We can see the configured IP address + prefix + broadcast address for the loopback interface, which every device with a network stack has, as well as the IP + broadcast address of the WiFi and tunnel interface.

Thinking about it, it makes sense that any traffic considered local to the current device should not be sent out to the network but handled, well, locally. The broadcast routes are also special as they are meant to sent traffic to all stations in a network instead of to a specific one – called unicast.

The preference of 0 ensures that these entries will be evaluated first for any given IP packet.

main table

The main routing table is the one folks usually work with. It contains routes for unicast destinations, usually the local subnet(s) the device is directly connected to, and a default route.

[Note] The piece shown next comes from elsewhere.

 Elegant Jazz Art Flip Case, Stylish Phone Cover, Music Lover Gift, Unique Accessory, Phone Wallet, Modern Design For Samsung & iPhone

On my laptop this looks like this:

$ ip r
default via 192.0.2.1 dev wlan0 proto dhcp src 192.0.2.42
10.0.0.0/8 via 10.23.42.1 dev tun0 proto static 
10.23.42.0/25 dev tun0 proto kernel scope link src 10.23.42.8
192.0.2.0/24 dev wlan0 proto kernel scope link src 192.0.2.42

Note the proto kernel and proto static parameters on the routes. The former denotes that this route has been added by the kernel itself, i.e. when an IP address has been configured on an interface and the interface is up. The latter denotes a route which has been added manually by an operator or script most likely using ip route add. Routes added by a routing daemon like bird for example usually have a specific proto set, e.g. proto bird.

Note: Similar to the /etc/iproute2/rt_tables file mentioned above, there’s also an /etc/iproute2/rt_protos file containing the ID to name mapping for protocols. Thanks to Christoph for the suggestion to add this. 🙂

default table

By default, the default table does not contain any routes. I’ve never seen a setup where it would have been used, and the only use case I could imagine would be a backup default route in case the regular one goes away for any reason. I’d however rather use a 2nd default route with a higher metric in the main table to follow the principle of least surprise.

Special route types

By default, routes are of type unicast and provide a real path to the given prefix. Linux does support some more route types, which come in especially handy on systems acting as routers within a network or at its border.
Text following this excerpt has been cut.